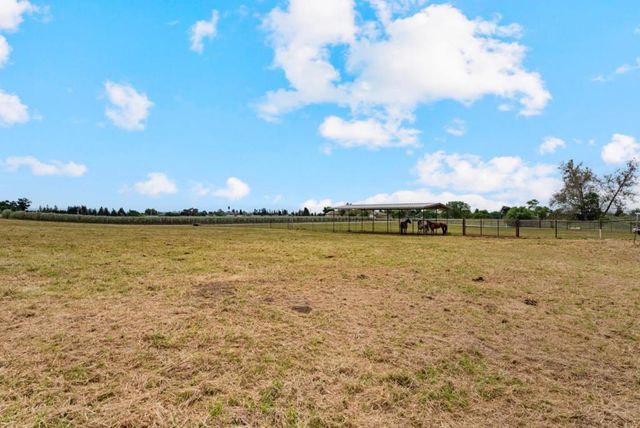 804 Comstock Road, Hollister, CA 95023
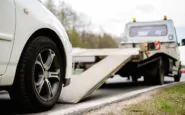 Servizio di soccorso stradale con carroattrezzi Auto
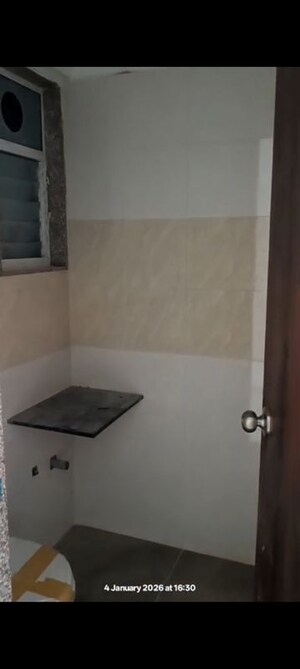 Room in 1 RK Apartment at Siddharth Nagar CHS Goregaon, Goregaon West – for Sale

● What you need to do
Give back every line of the material exactly as written, but not the pictures.

● Exercise answer
 804 Comstock Road, Hollister, CA 95023
 Servizio di soccorso stradale con carroattrezzi Auto
 Room in 1 RK Apartment at Siddharth Nagar CHS Goregaon, Goregaon West – for Sale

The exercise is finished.